ThermoFisher (owners of Invitrogen) have announced that Vector NTI Express is nearing the end of its life and Vector NTI Advanced was terminated quite some time ago. If you are looking for an easy to use sequence analysis application, then look for a reliable and trusted application. MacVector is easy to use, has a comprehensive set of tools and is definitely not going away! MacVector has been the tried and trusted sequence analysis application on the Mac for over 20 years. There are many thousands of happy molecular biologists using MacVector in labs all over the world. Don’t take our word for it, read what our users have to say. What’s more opening Vector NTI files is straightforward.

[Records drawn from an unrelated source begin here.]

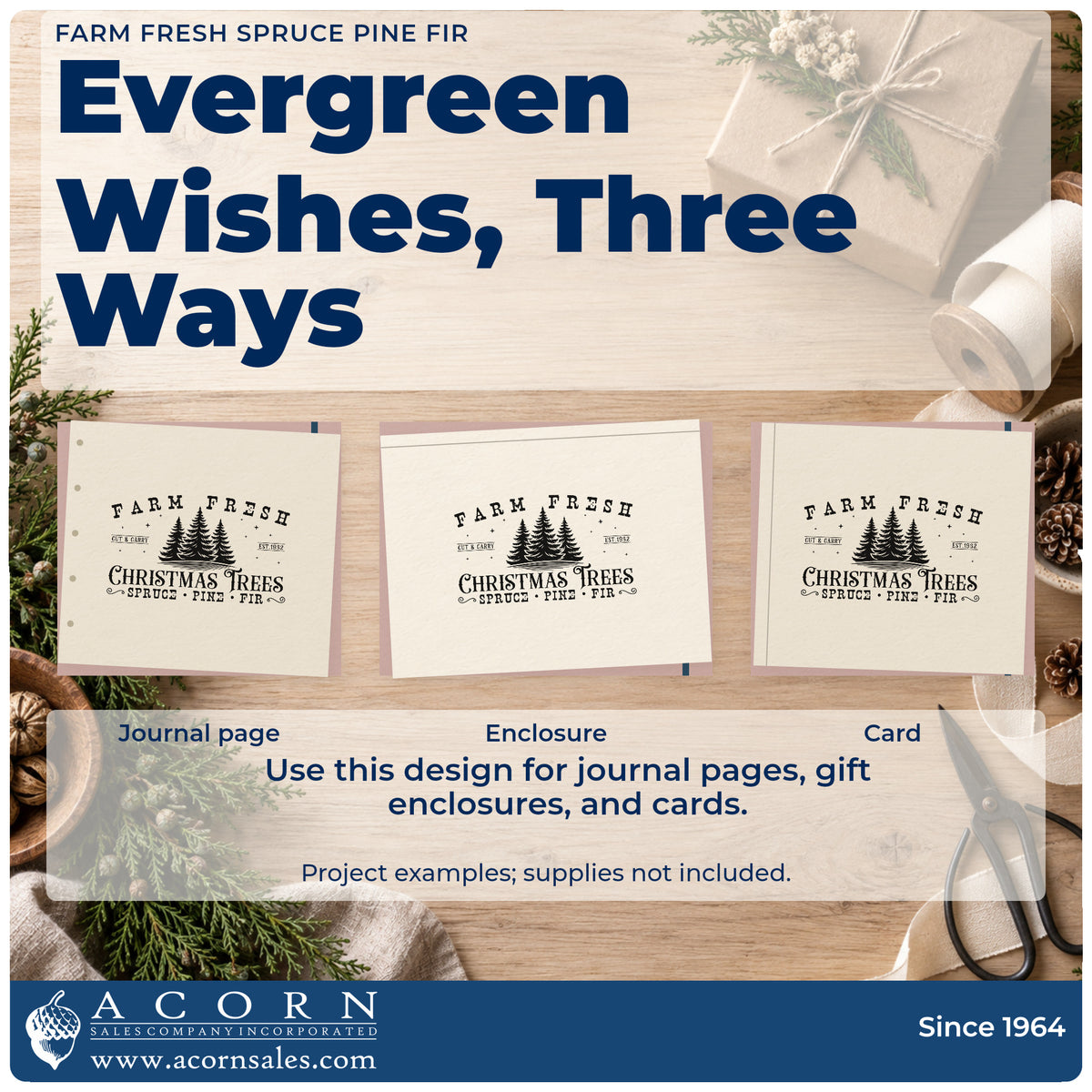 Three project examples made with the Farm Fresh Spruce Pine Fir With Stars Stamp – Slim Pre-Inked, including strip layout sheet.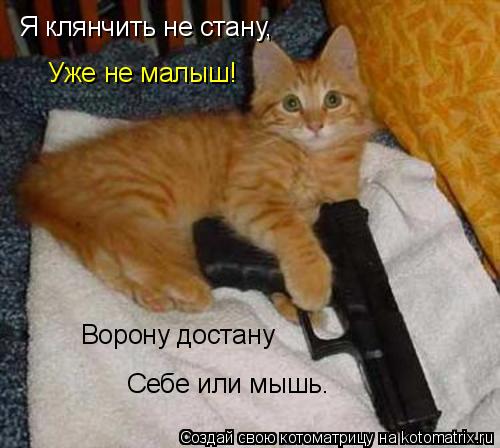 Я клянчить не стану, Уже не малыш! Ворону достану Себе или мышь.... Котоматрица: Я клянчить не стану, Уже не малыш! Ворону достану Себе или мышь.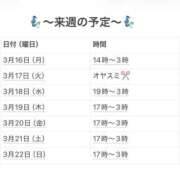 ヒメ日記 2026/03/15 21:18 投稿 さやか 妻天 京橋店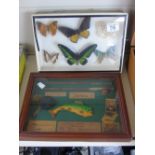 CASED BUTTERFLIES & FRAMED FISHING RELATED ITEMS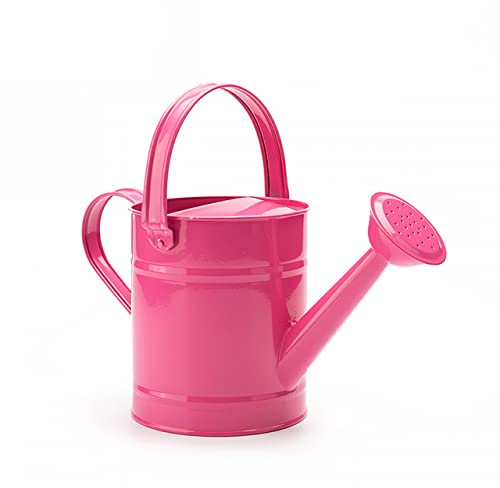 1,5 L Gießkanne Aus Eisen Für Zuhause Bonsai-Pflanze Duschwerkzeug Gartenarbeit Wassertopf Wasserkocher Gartenbewässerung Sprühflasche- Rose red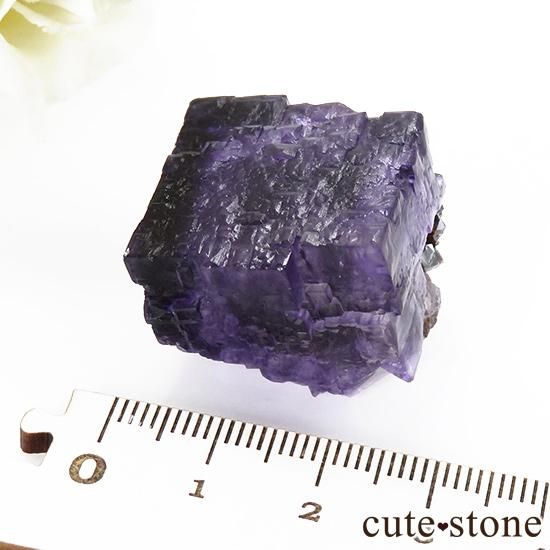 ꥫ ०åɹۻ ե饤Ȥθ 29gμ̿5 cute stone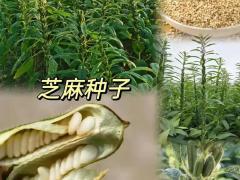 丰收大田种业有限公司：玉米专用复合肥 渠道订单持续增长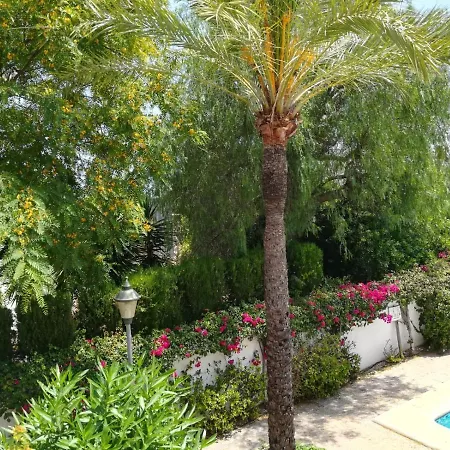 101 Oasis Beach 40 Apartment Denia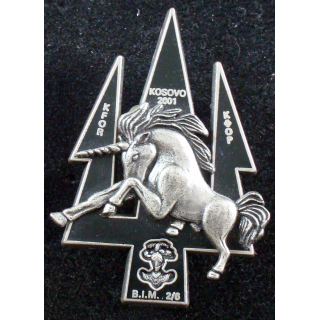 2° escadron du BIM 2/6 des 1° et 2° régiments de chasseurs Delsart
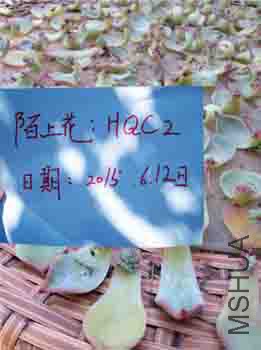 ������2.jpg.jpg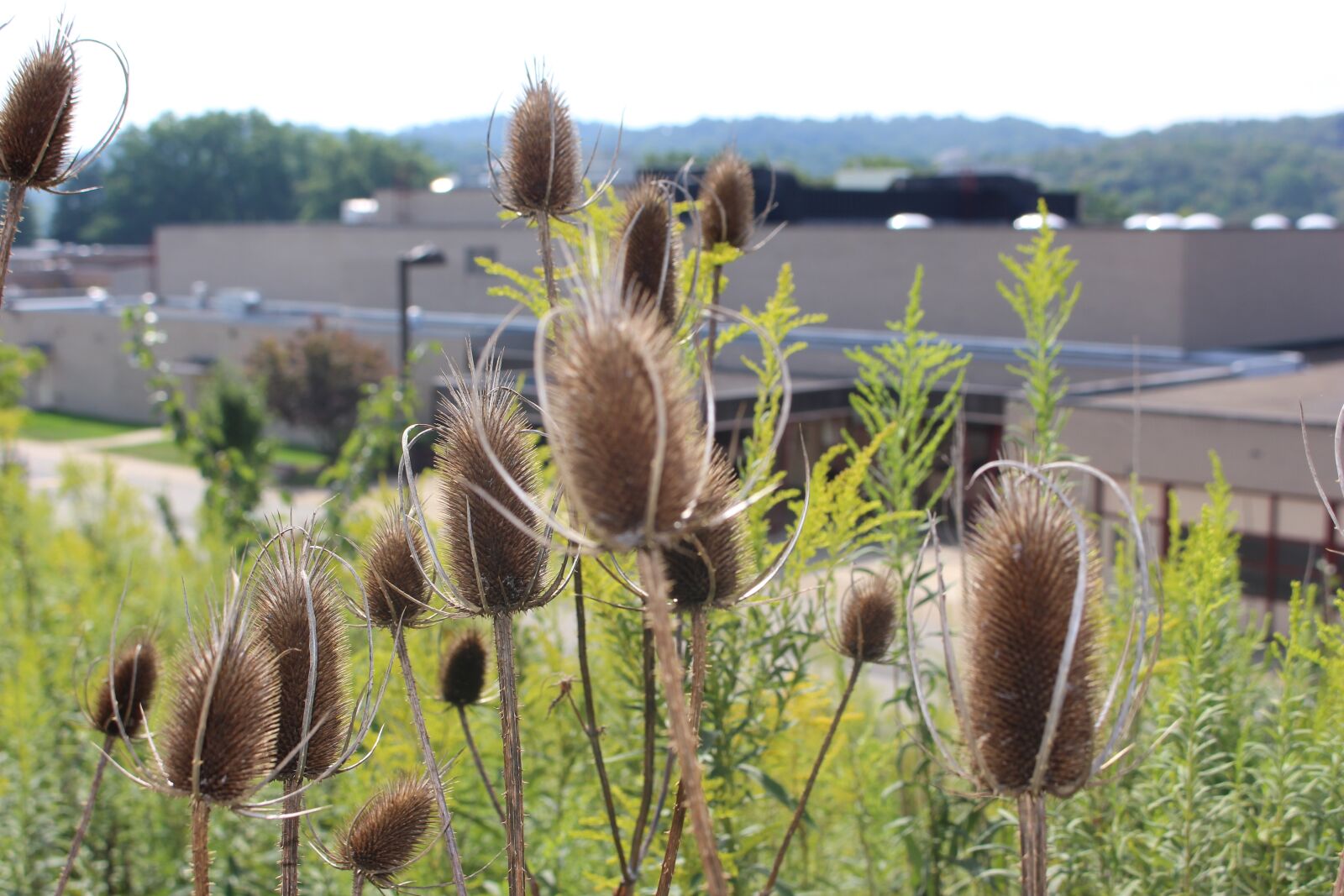 Canon EOS 700D (EOS Rebel T5i / EOS Kiss X7i) sample photo. Beautiful, brown, colorful, flowers photography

If you are using Vector NTI Advance 11 or Vector NTI Express

  • Download the Mac or Windows Vector NTI Data Export Tool from ThermoFisher’s website.
  • Run this and migrate your entire sequence database to Genbank format.
  • To open in MacVector simply double click the Genbank file to open it directly within MacVector.
  • When you make changes then save and MacVector will automatically migrate the data into MacVector’s own NUCL format.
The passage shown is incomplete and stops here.